A campaign official said on the flight that election night returns unfolded very close to what the Obama team had expected though there was surprise at how quickly US television networks called the race.
Key to victory was the "ground game" waged in battleground states.
In explaining the superiority of Obama's operation, the official mentioned a conversation he had with a top field director on Monday, in which he said a rival Republican had tweeted that Romney's team had knocked on 75,000 doors in the must-win state of Ohio the previous day.
Not to worry, the director said, "we knocked on 376,000."
Obama triumphed despite the highest unemployment rate of any US president since Franklin Roosevelt in 1936 and became only the second Democrat since then to win a second term -- the other being his stalwart supporter Bill Clinton.
With Florida still totaling up the last remaining ballots after another embarrassing vote-counting debacle in the "Sunshine State," Obama had 303 electoral college votes, easily surpassing the 270 needed to win.
In a soaring victory speech, the 51-year-old president sought to revive the great hopes he stirred in 2008, promising "the best is yet to come" and hinting at a far-reaching agenda in his second term.
But his in-tray is already overflowing with first-term plans thwarted by blanket Republican opposition, whether it be comprehensive immigration reform, education, or a grand plan to rein in the troublesome deficit.
The big question for Obama is this: Will the Republicans be willing or can they be pressured to strike a meaningful deal that will avoid the prospect of a disastrous economic crunch forced by mandatory budget cuts?
"In the weeks ahead, I also look forward to sitting down with Governor Romney to talk about where we can work together to move this country forward," the president told the country in his rousing acceptance speech.

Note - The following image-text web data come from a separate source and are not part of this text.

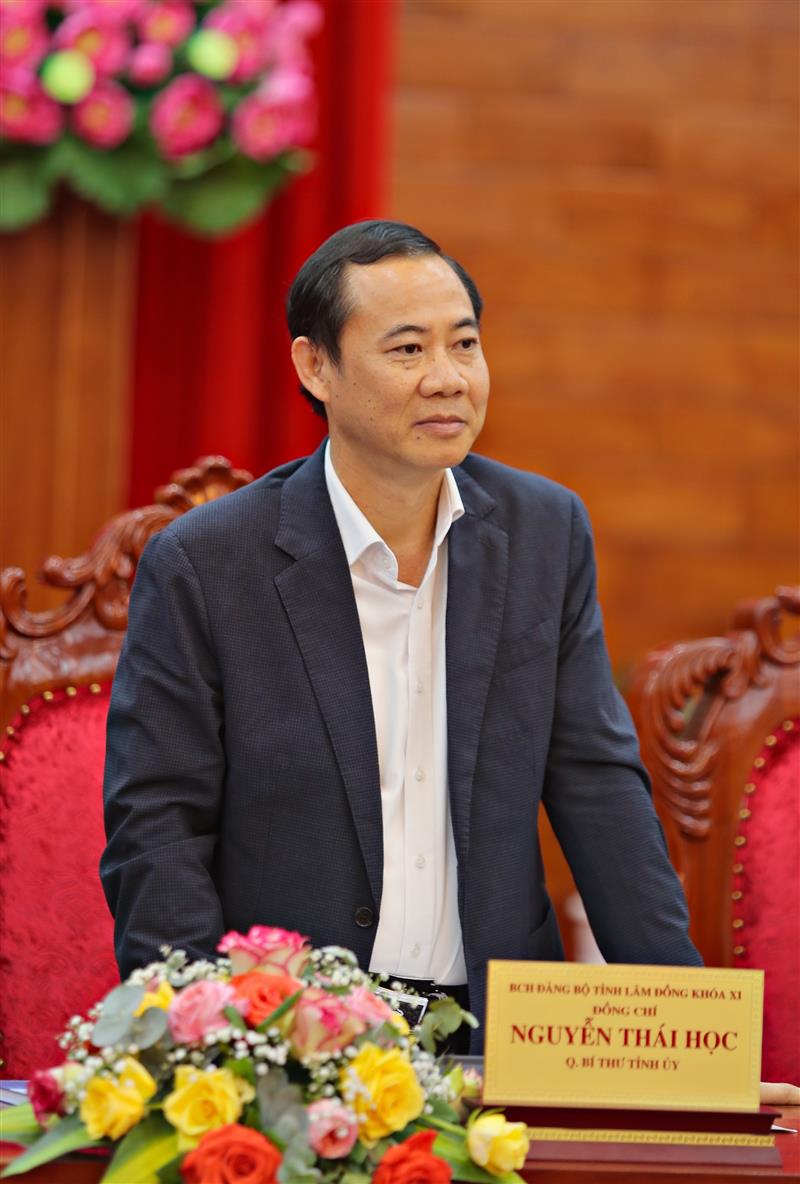 Đồng chí Nguyễn Thái Học - Quyền Bí thư Tỉnh ủy Lâm Đồng phát biểu kết luận tại buổi làm việc.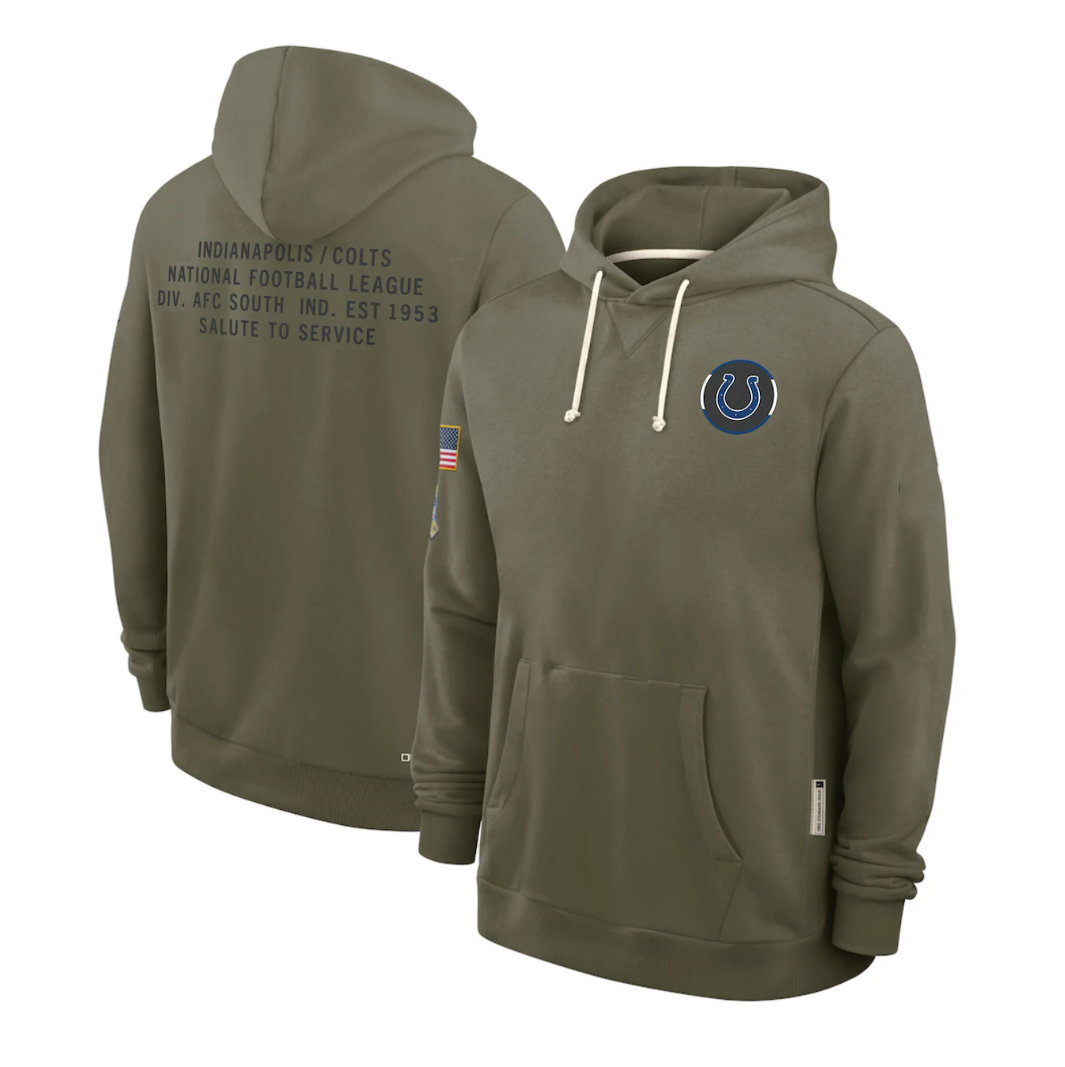 IN.Colts Olive 2025 Salute to Service Sideline Standard Issue Dri-FIT Hoodie Stitched American Football Jerseys - Main View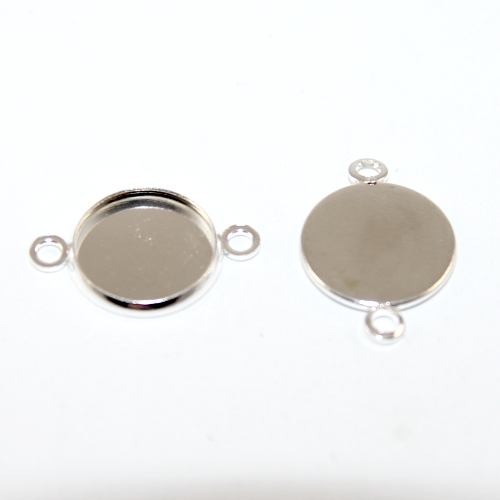 12mm Round Cabochon Connector Setting - Silver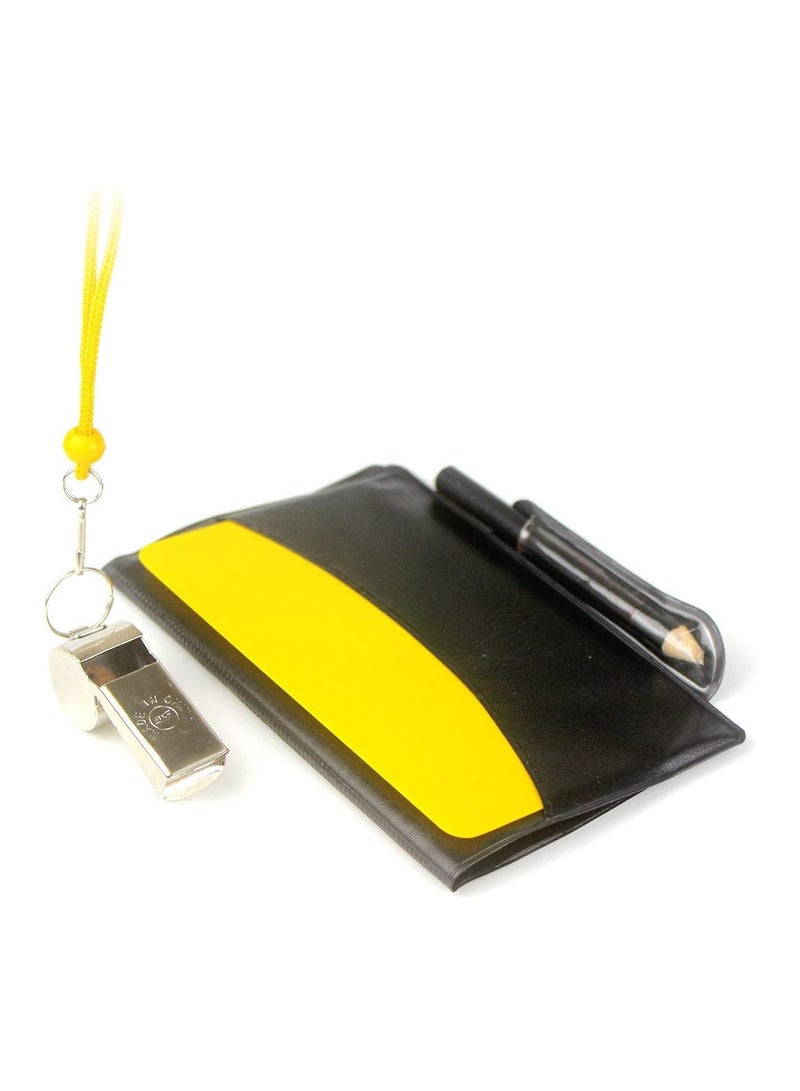 Generic Soccer Referee Flag Set, Red Yellow Cards with Notebook and Pencil, Match Football Linesman Flags, Coach Referee Stainless Steel Whistles - Image 4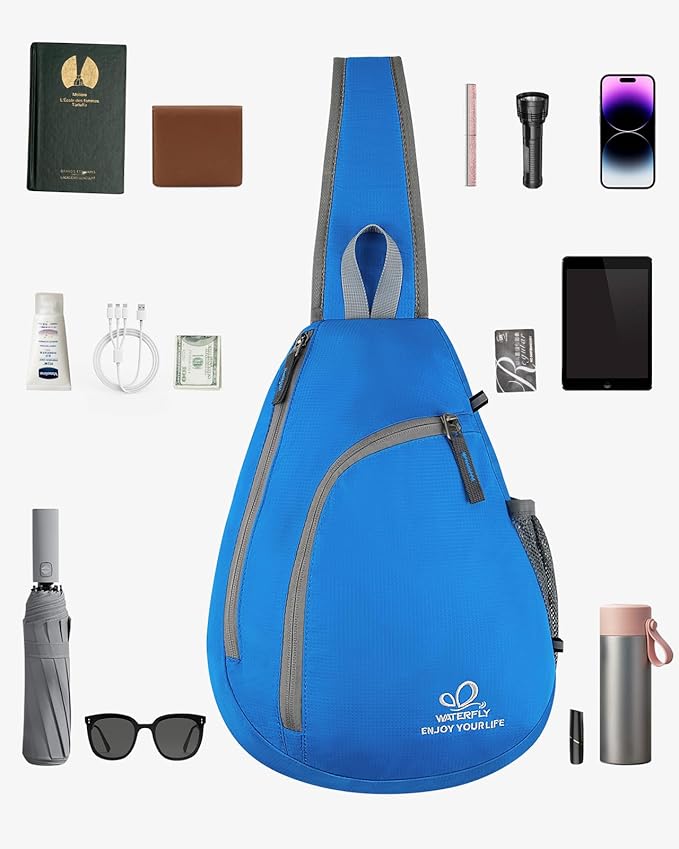 WATERFLY Crossbody Sling Bag Small Water Resistant Backpack Lightweight Shoulder Chest Daypack for Men Women Hiking Travel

But Obama knows it is not his vanquished foe that he must now deal with but rather the Republican leadership in Congress, which may dig its heels in after failing in its stated goal: to make him a one-term president.
As Obama's victory was confirmed with wins in Ohio and Iowa, large crowds assembled outside the White House, chanting "four more years" and "O-bama, O-bama."
Republican nominee Romney, 65, deflated and exhausted, offered a dignified tribute, as he consoled dejected supporters in Boston moments after phoning Obama to formally concede.
"This is a time of great challenges for America and I pray that the president will be successful in guiding our nation," Romney said.
Obama's victory means he will get the chance to embed his healthcare and Wall Street reforms deep into the fabric of American life. Romney had pledged one of his first acts would be to repeal Obamacare.
The president may also be able to reshape the Supreme Court in his liberal image for a generation, a move that could shape policy on abortion and gay rights.
Obama will also face a challenge early in 2013 over whether to use military force to thwart Iran's nuclear program.
The president ran for re-election on a platform of offering a "fair shot" to the middle class, of fulfilling his pledge to end the war in Iraq, killing Osama bin Laden, and starting to build a clean energy economy.
But Obama also ran a fiercely negative campaign branding Romney -- a multi-millionaire former corporate turnaround wizard and ex-governor of Massachusetts -- as indifferent to the woes of ordinary Americans.
Remarkably, Obama's coalition of Hispanic, black, and young voters turned out in similar numbers to those of his heady change-fueled campaign in 2008, shocking Romney's team and presenting a new American face to the world.
In what is likely to be Obama's first foreign trip since re-election, a Myanmar government official announced that the US president would visit the former pariah state on November 19.
Democrats kept the Senate in Tuesday's vote but fell short of the 60-vote super-majority needed to sidestep Republican blocking tactics.
And on a night that saw liberal-championed measures on same-sex marriage and legalizing marijuana approved in several states, the Democrats also clawed back a couple of seats in the House but the Republicans retained control.